Bulgaria.

July 2024

I’m just sorry Christo is missing from this photo!

Thoughts.

The first thing people asked when we’d say we’re going to Bulgaria was: why? The answer is simple: we know the three best Bulgarians in the world.  

Going there felt out of the way and it was, if only in the sense that we were coming from Austria after meeting them a lifetime ago in San Francisco and now living in Spain – worlds away in every respect. But we promised Vera, Lubo and Christo we’d come one day. Twenty years later, it happened.  

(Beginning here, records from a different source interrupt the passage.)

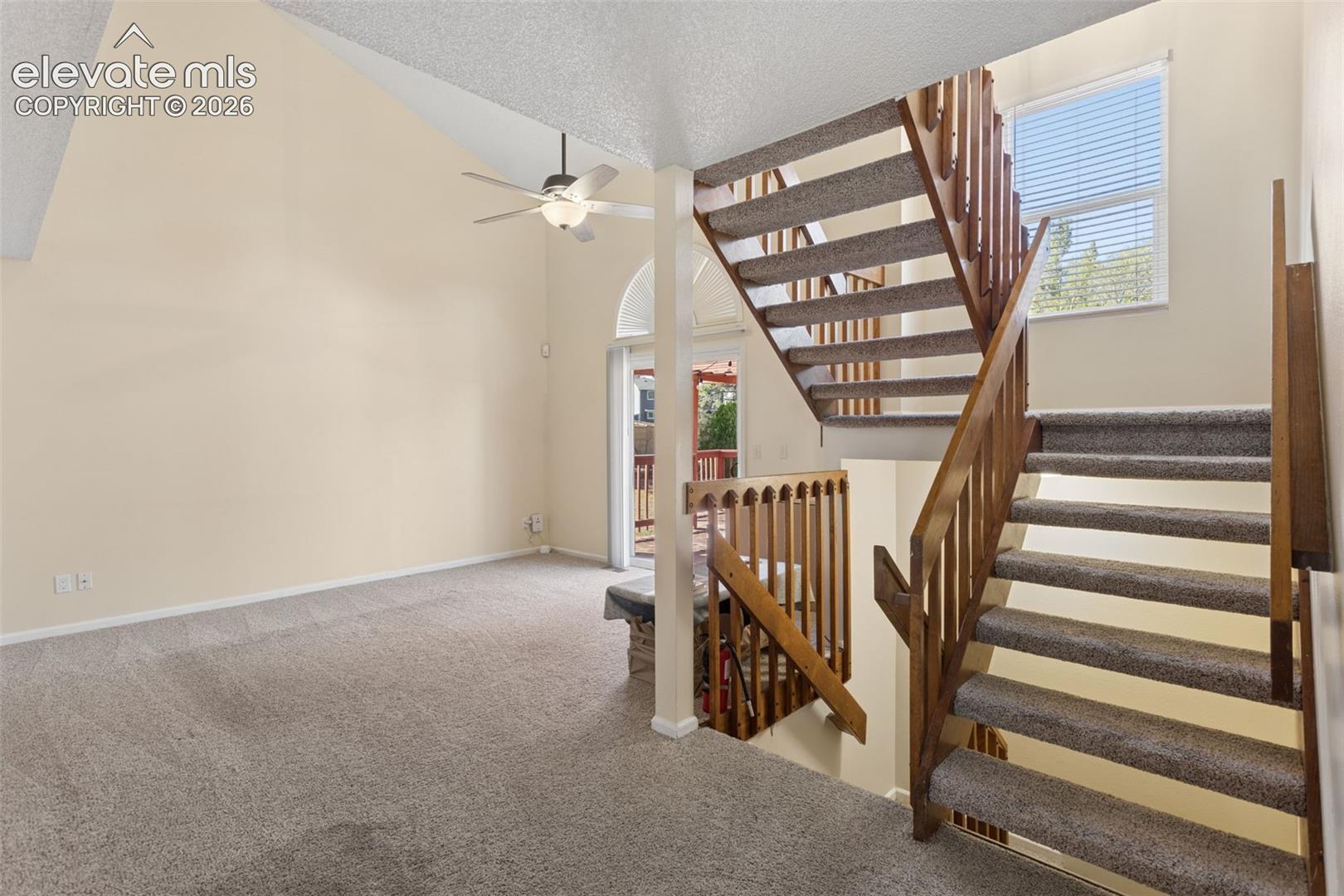 Living Room with vaulted ceiling with a ceiling fan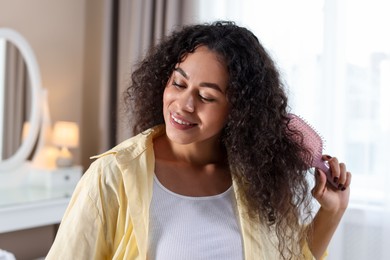 Photo of Smiling young woman brushing her curly hair at home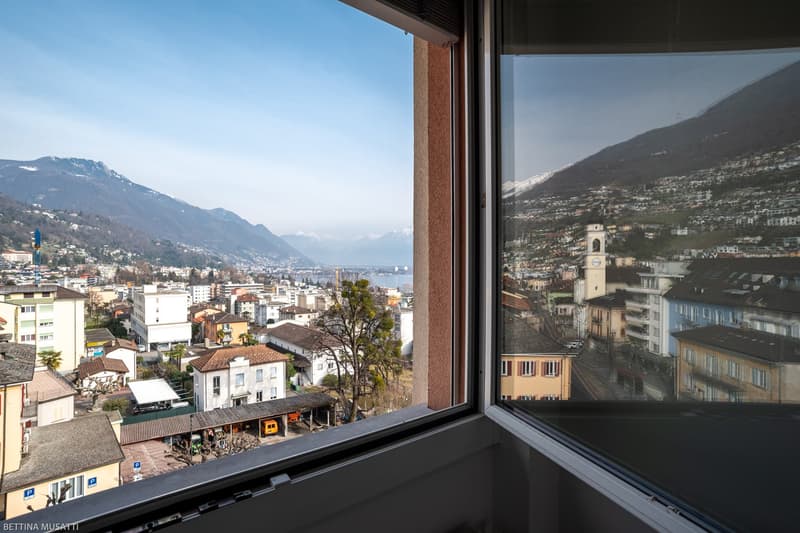 Cityscape with buildings and mountains, reflection of building in the window, a town center with buildings, houses, a church with a bell tower, mountains, hills, a river, trees, and a blue sky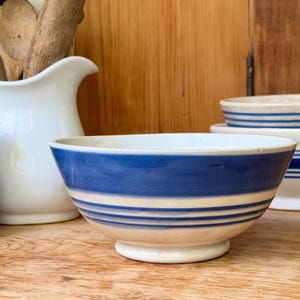 May include: A ceramic bowl with a cream-colored base and a wide blue band around the upper exterior, accented by three thinner blue horizontal stripes below it. The bowl features a rounded rim and a small circular footed base for stability.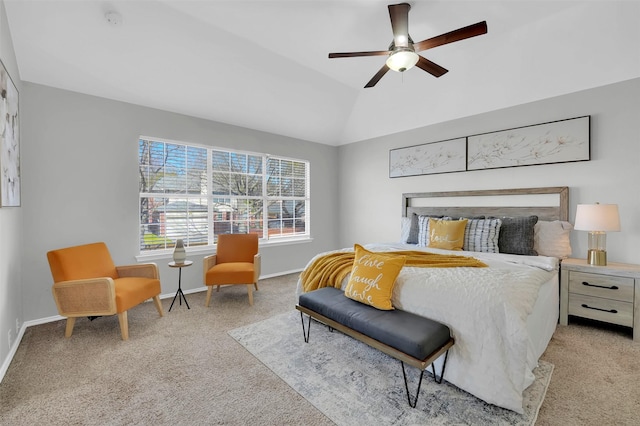 bedroom featuring baseboards, light carpet, ceiling fan, and vaulted ceiling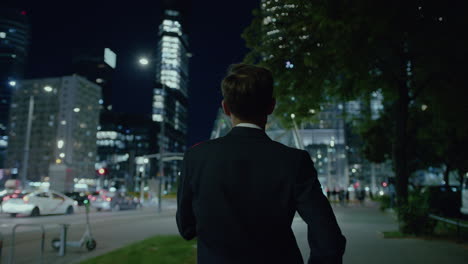 following shot of a man in suit walking alongside road while returning home during evening time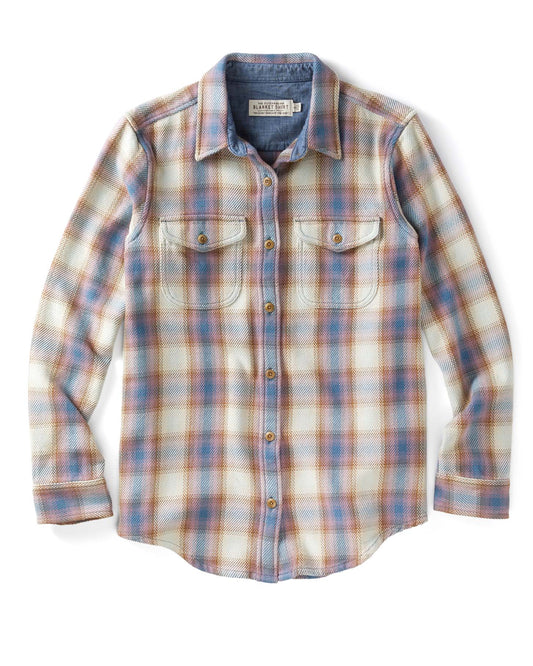 Plaid shirt with a visible brand label on a white background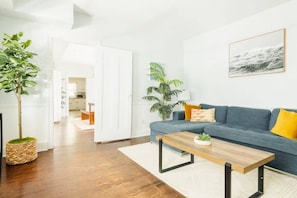 First floor spacious living room with TV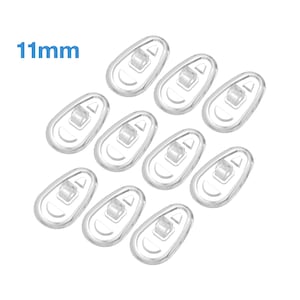 May include: Ten clear plastic 11mm eyeglass nose pads. The pads are shaped like a teardrop and have a small hole in the centre.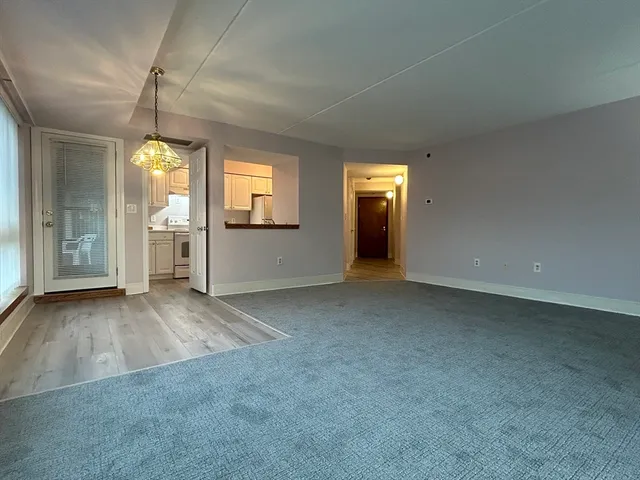 an empty room with chandelier fan and windows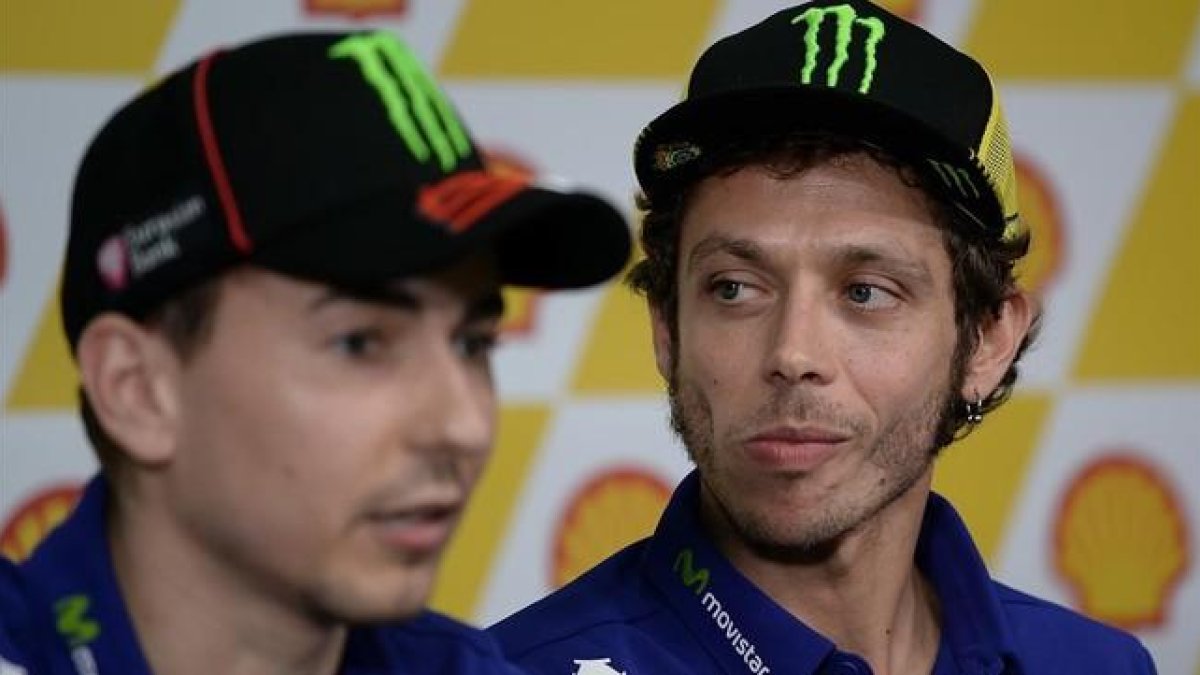 El piloto italiano Valentino Rossi escuchando las declaraciones de su compañero de equipo Jorge Lorenzo.-AFP / MANAN VATSYAYANA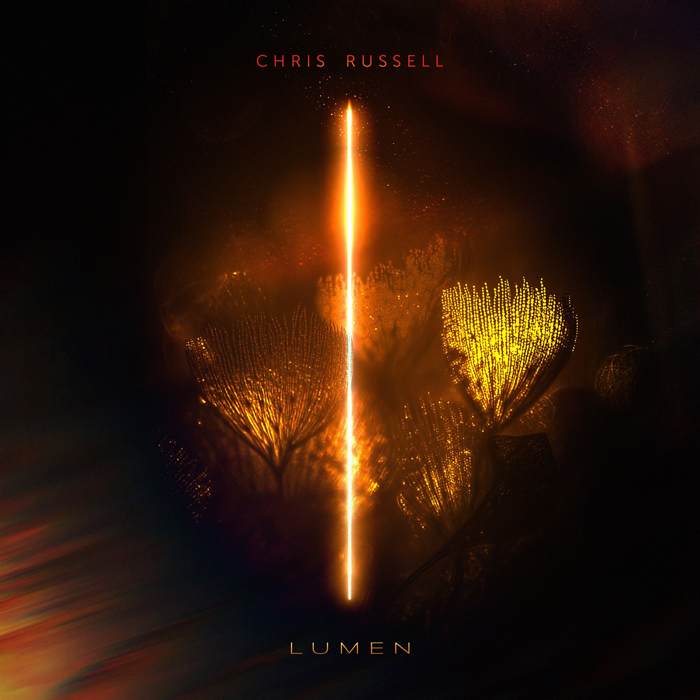 The cover centers on a vertical beam of bright light cutting through a smoky, amber-red atmosphere. On both sides of the glowing line, plant forms or seed heads appear illuminated in gold, as if lit from within. The artist name “Chris Russell” sits near the top in small red lettering, while the title Lumen appears at the bottom in spaced gold text.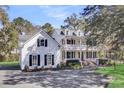 Elegant two-story white home with classic black shutters and a sprawling driveway, exuding curb appeal at 100 Oak Village Ln, Summerville, SC 29483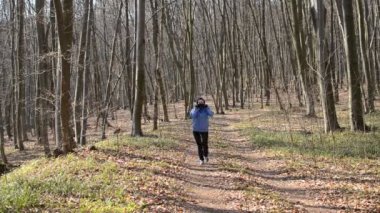 Maskeli genç kız ormanda koşuyor.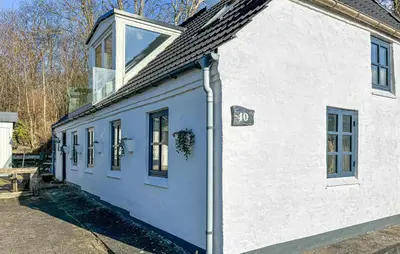 a white house with a window on the side of it at 2 Bedroom Beautiful Home In Vinderup in Vinderup
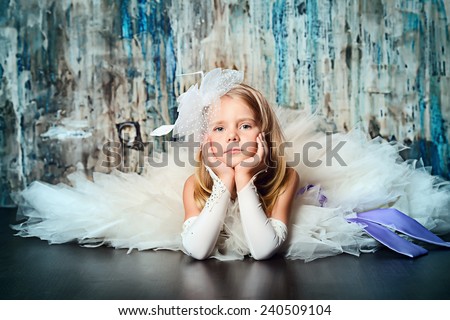 Art portrait of a pretty little girl wearing princess dress. Fashion shot. Childhood.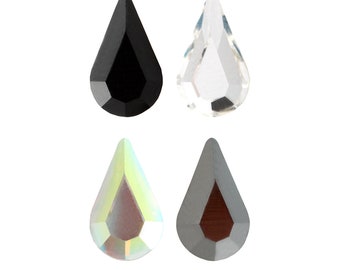 May include: Four teardrop-shaped crystal rhinestones in black, clear, iridescent, and gray.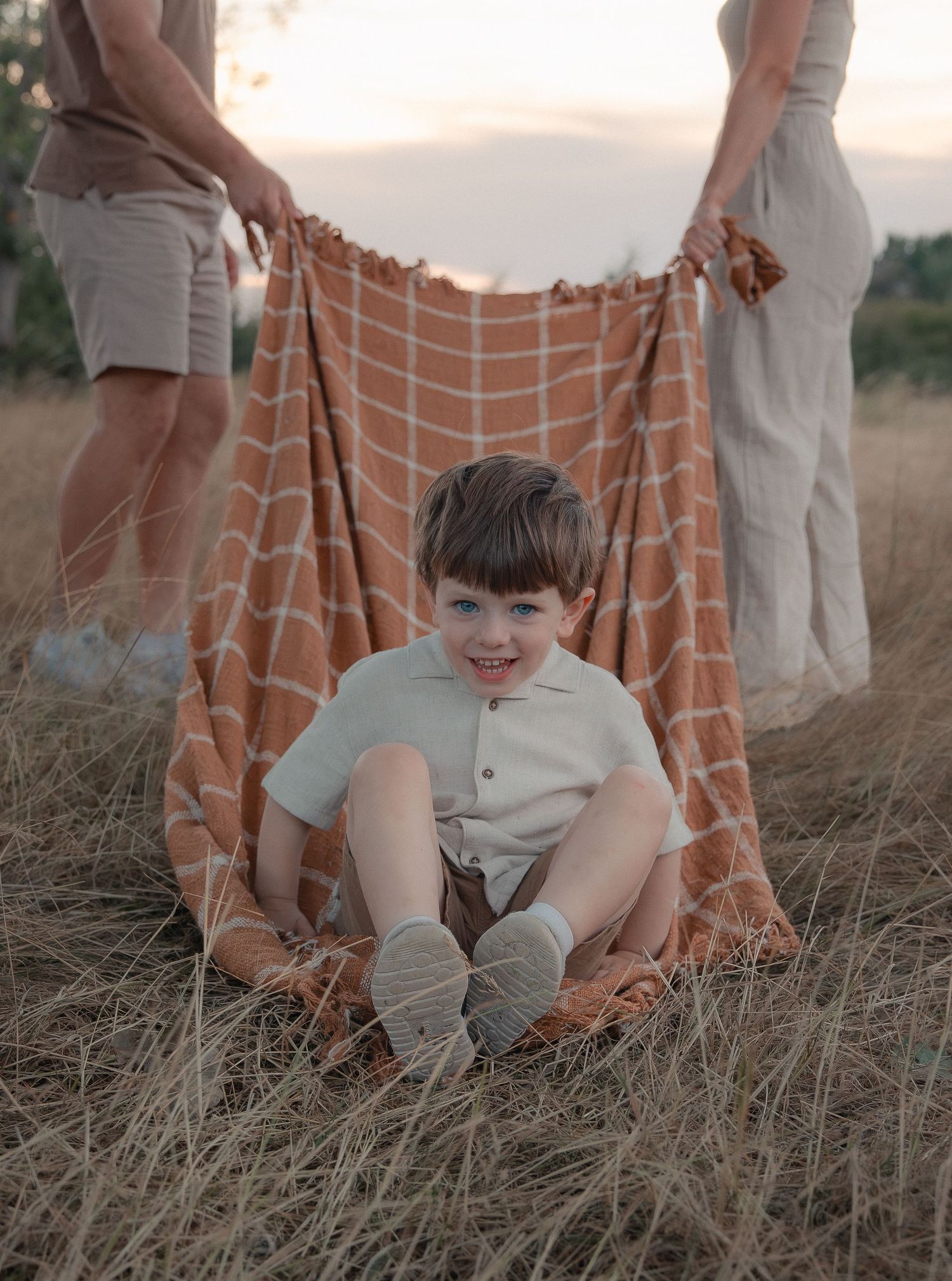 A family photographer captures a smiling boy as he sits on a blanket in Bath, Somerset.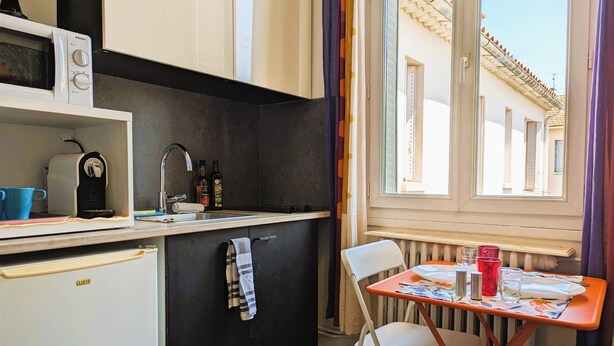 Eine kompakte Küche mit Mikrowelle, Kaffeemaschine und Spüle. Ein kleiner Tisch mit Stühlen und ein Fenster mit Blick auf Gebäude.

Driving from Sofia to Plovdiv and then the Black Sea was like living a history lesson. Driving through the endless countryside of sunflowers, it was if you could see a country emerging from the Communist Era in real time. Where did this world begin and the last one end? What was it like for our friends to live through this time and then decide to move to the States at such a young age? I left Bulgaria full of respect for a life that from an American point of view feels so difficult, but one that when you actually live through it just feels like … life. 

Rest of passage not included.